Funeral Customs of Our Bureaucracies

 

My neighbor Jill was working down at Labor and Industries and since I needed to get a contractor license so I could install my stained glass in a state project for two whole days, I ended up with Jill. The whole process took half an hour so we covered subjects ranging from dogs we have owned to retirement strategies for us geezers. Jill’s main point was the necessity ‘to keep moving’ when you retire. She herself wanted to establish her post-retirement interests pre-retirement.

“I used to work at the Casino,” she said, something I didn’t know. “Lot of people spent their whole day sitting on a stool playing the slots. You didn’t see em for a few days, you could figure they probably died. The Casino was their whole life. We even provided funeral services. Why not? Half their friends were us casino workers. You have the funeral in-house, we didn’t take half a day off to go to a funeral downtown.”

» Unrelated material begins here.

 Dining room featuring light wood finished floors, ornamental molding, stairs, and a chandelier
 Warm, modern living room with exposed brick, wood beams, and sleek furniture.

I said it was something I never imagined. Maybe scatter their ashes under the crap table, one stop shop. Jill muttered ‘why not?’ and kept stamping my documents, checking stuff against her computer screen read-out, asked an occasional question. “Lot of those folks,” she said, “they thought of retirement as dying. Kind of a self-fulfilling prophecy.”

Kind of like filling out this endless paperwork, I thought. “Uh-oh,” Jill said after half an hour and I thought here’s where you return to jail, do not pass Go. She asked a few questions, made one small change on the form that warns NO CHANGES PERMITTED. Casino work, I thought, might not be as far removed from government bureaucrat as I thought. I bet L&I might even provide funeral services for those of us who died in these long lines … but I was hoping I wouldn’t find out today.